Don't paralyze government

Impeachment trial: Senate should take the time needed, and not delay State of the Union address.

January 05, 1999

PRESIDENT Clinton should deliver the State of the Union address to Congress on time Jan. 19. If members are too embarrassed to invite Mr. Clinton to the Capitol, he can send it on paper as did 19th century presidents. Then there's nothing to stop him from addressing the American public on television.

The worst idea yet came from senators of both parties who said Mr. Clinton should delay his speech, so as not to mingle with them while under impeachment.

Nonsense. President Clinton has been good about carrying out duties while under a cloud. The address is a constitutional mandate for the president to give and for Congress to receive.

So far, government has not been paralyzed. And it should not be now to feed senators' sense of self-importance while they dither on what procedures to adopt.

The Senate can hold a short proceeding, along the lines floated by Majority Leader Trent Lott, to decide whether the House charges against the president, if true, require his removal from office. That would mean House presentation of the case and a White House response. If the Senate decides that the charges are insufficient, it should adjourn the trial. Then it could think about censure.

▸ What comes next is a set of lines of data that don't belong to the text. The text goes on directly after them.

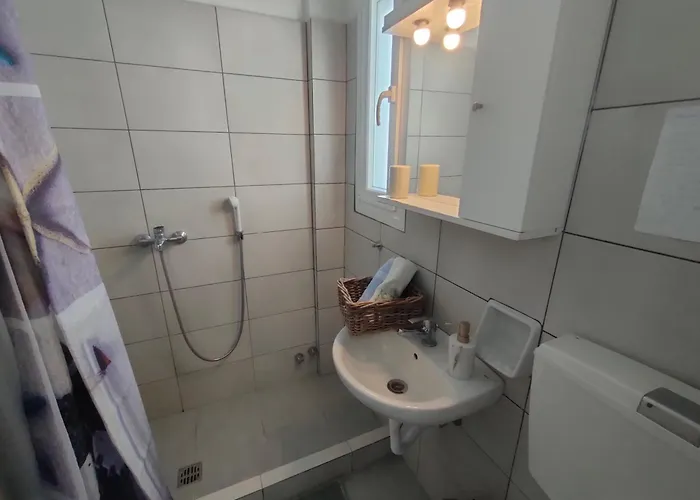 Kikis Sea View And Veranda Apartment *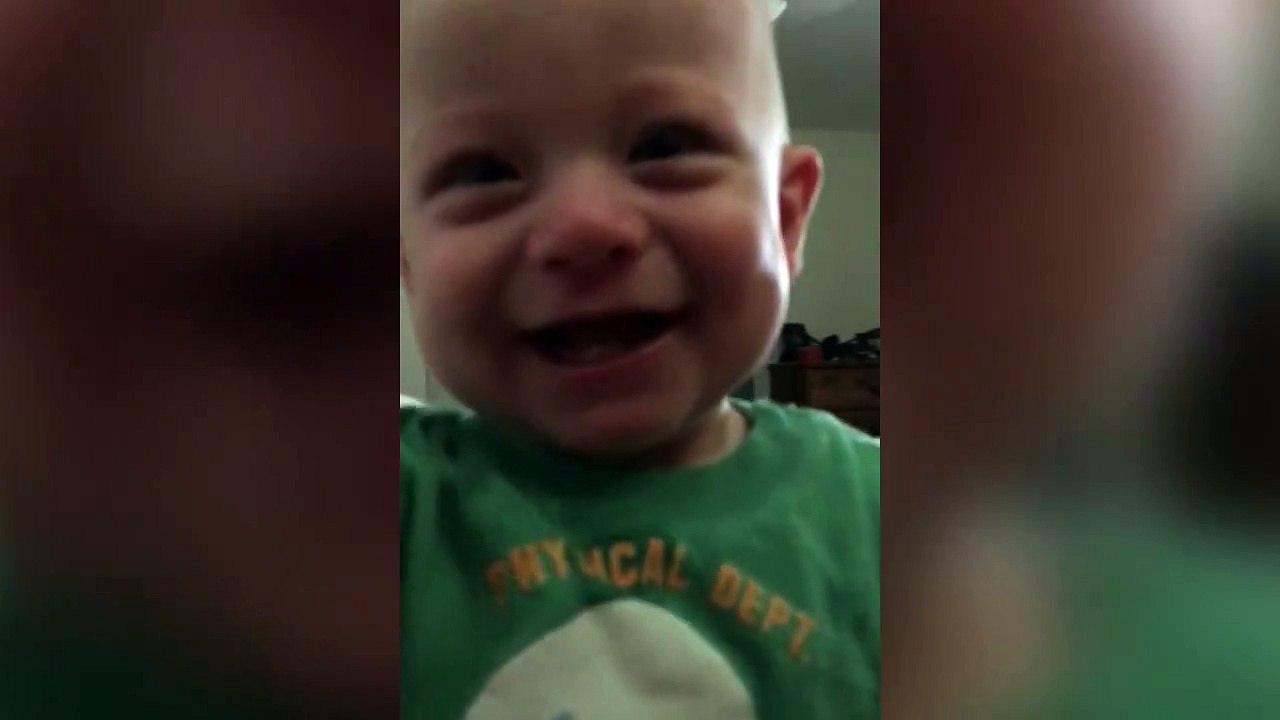 Il a les larmes aux yeux des que sa maman chante "You are my sunshine"
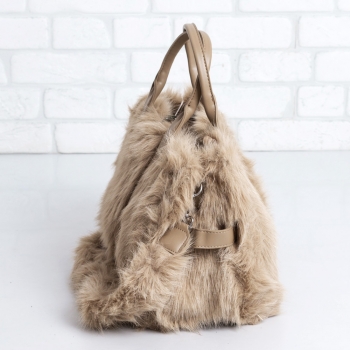 Дамска чанта в тъмно бежово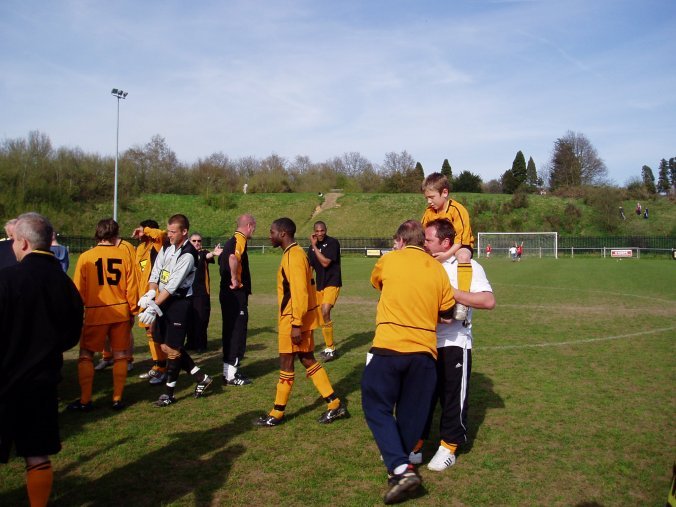 Maidstone United 21 Apr 06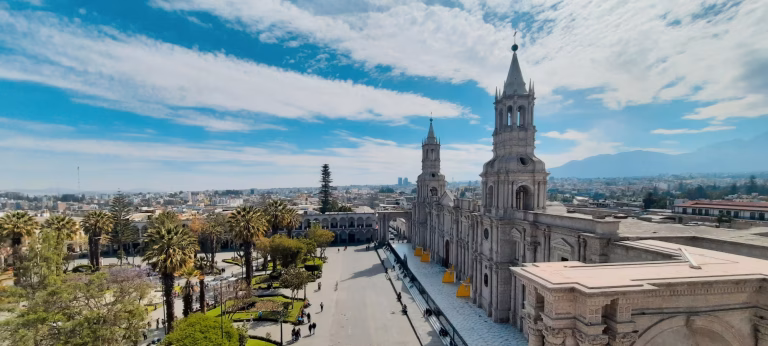 Arequipa main square : What to See, History & Complete Travel Guide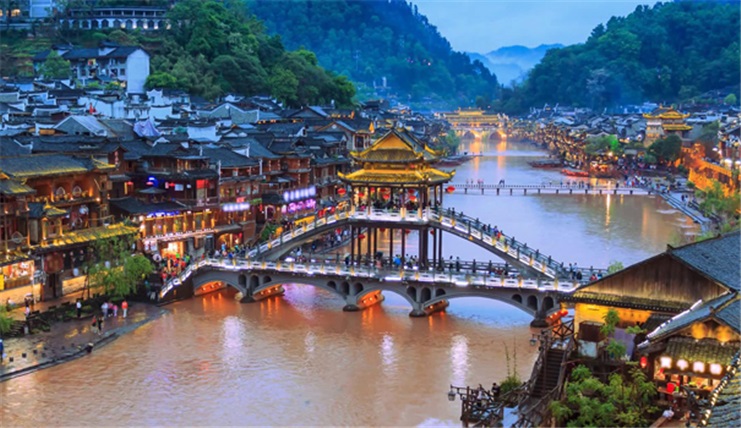 NAM NINH - TRƯƠNG GIA GIỚI - PHƯỢNG HOÀNG CỔ TRẤN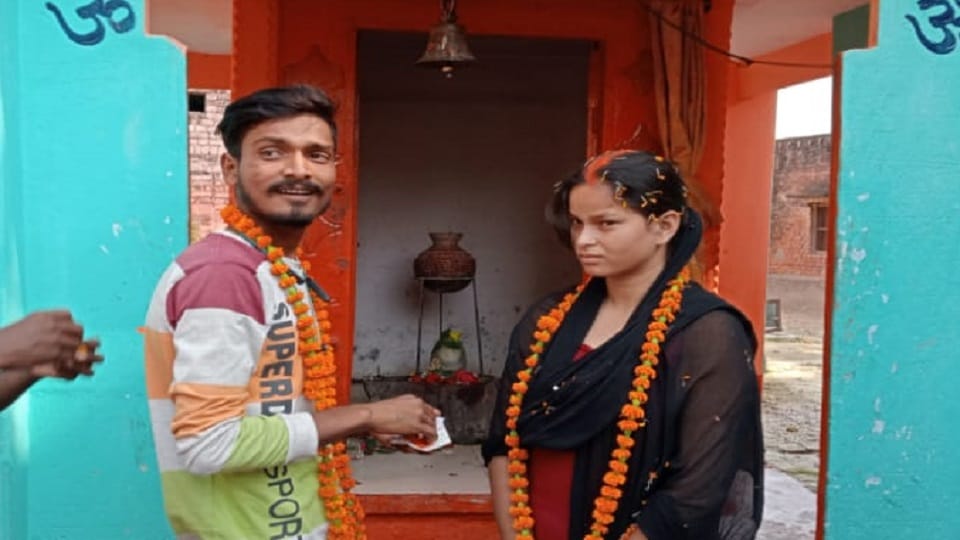 Girlfriend reached the police station and requested to marry her lover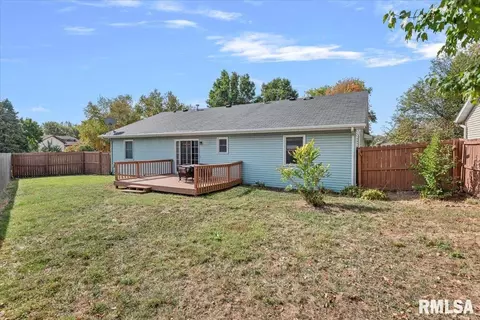 Exterior - 3100 Angelo St, Springfield, IL 62707 photo 3 of 5
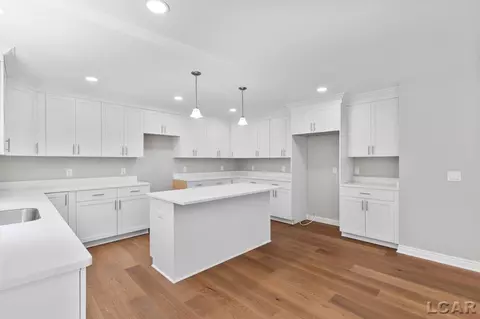 800 War Bonnet, Tecumseh, MI 49286 photo 17
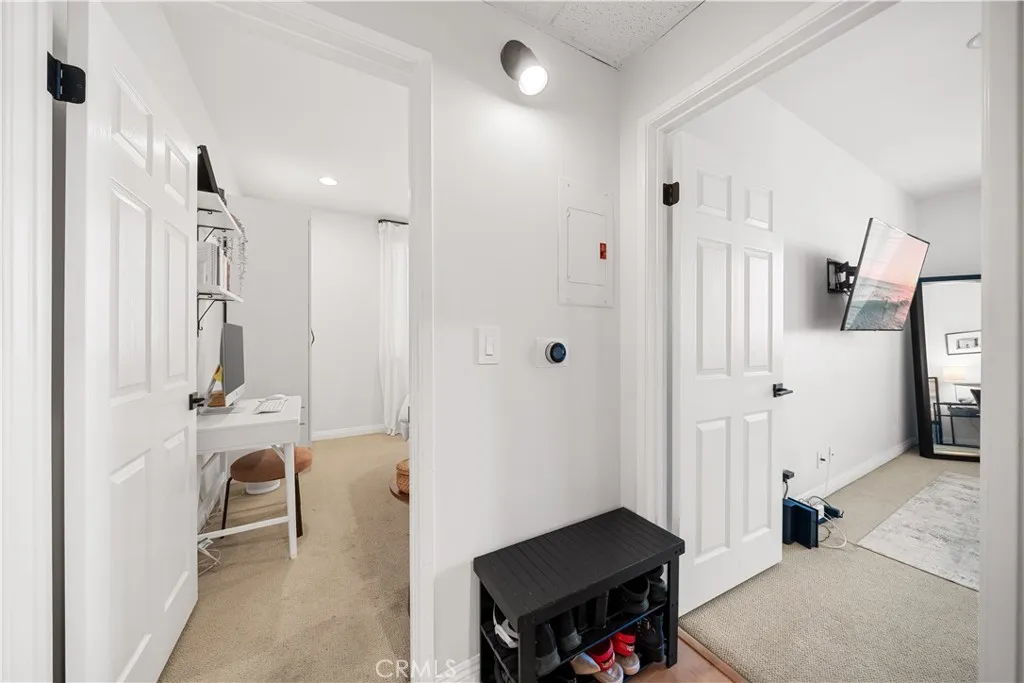 945 N Hudson Avenue 104, Los Angeles, California 90038 home-pic-7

But if a majority of the Senate concludes that the charges - if true - merit removal, it should hold a lengthy trial, with witnesses and cross-examination, to seek the required two-thirds vote needed for conviction.

The notion that the senators already know the facts is fatuous. A prosecutor's compilation of evidence might be sufficient in ``Alice in Wonderland,'' but not in the United States of America.

Since the House adopted two impeachment articles that appear to go beyond what it can prove, there is no hope the White House will stipulate anything. Each article needs to be proven.

The idea of sparing the American public the sordid details is disingenuous. The people were fed details from one side when it was inappropriate. They need not be denied a fairer presentation by both sides when it isI appropriate.

Quick disposition would chastise the House for trivializing impeachment. But if a lengthy trial is ordained, the business of the nation should go forward at the same time. That begins with the budget and State of the Union message.